Ignorance or Mendacity?

Senator Paul begins by ridiculing the Left for denying that the Nazis were socialists: “So, despite the Nazis literally having ‘socialist’ in their name — the National Socialist German Workers’ Party — the left has made a concerted effort to label Nazis as ‘far-right-wingers.’”

Paul’s argument here goes from the undeniable premise that the Nazis had “socialist” as part of their name to the conclusion that the Nazis were, in fact, socialists. For that inference to work, Paul needs an intermediate premise like the following: If an organization has an adjective in their name, then the organization is correctly described by that adjective.

But if Senator Paul really believed this, then he would be forced to conclude that communist East Germany and present-day North Korea count as democracies, for the German Democratic Republic and the Democratic People’s Republic of North Korea both have the adjective “Democratic” as part of their name. I don’t think he believes this.

Senator Paul then points to three other pieces of evidence. First, Paul quotes the twenty-five-point plan the fledgling Nazi Party produced in 1920. He starts with this point: “We demand the nationalisation of all (previous) associated industries (trusts). (The essence of socialism — state ownership of the means of production.)”

The italicized words after that point are Paul’s own words that he added as commentary, suggesting that the Nazis were advocating expansive state ownership of the means of production. But a more direct translation of the original German would be, “We demand the nationalization of all previously socialized (trust) companies.”

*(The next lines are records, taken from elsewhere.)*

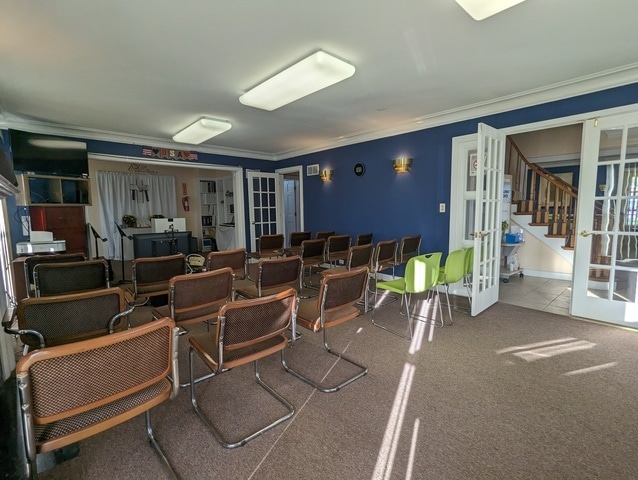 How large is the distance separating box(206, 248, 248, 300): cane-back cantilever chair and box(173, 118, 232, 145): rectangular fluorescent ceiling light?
6.40 ft

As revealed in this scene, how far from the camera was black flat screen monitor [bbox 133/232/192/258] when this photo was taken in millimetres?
5465

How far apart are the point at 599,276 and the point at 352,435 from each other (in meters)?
3.26

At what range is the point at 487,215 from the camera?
11.6 feet

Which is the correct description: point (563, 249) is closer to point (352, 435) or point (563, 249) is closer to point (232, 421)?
point (352, 435)

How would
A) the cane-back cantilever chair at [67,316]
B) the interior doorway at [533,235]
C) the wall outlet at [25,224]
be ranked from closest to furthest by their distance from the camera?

So, rather than the nationalization of all companies, the document only talks about certain sorts of trusts, without being very explicit concerning the nature or extent of these entities. It is hard to say exactly what the Nazis had in mind here, but it was not a call for extensive state ownership of the means of production.

The last item quoted by Paul is number seventeen of the twenty-five points, and it seems to be the most explicitly socialist: “We demand a land reform suitable to our needs, provision of a law for the free expropriation of land for the purposes of public utility, abolition of taxes on land and prevention of all speculation in land.”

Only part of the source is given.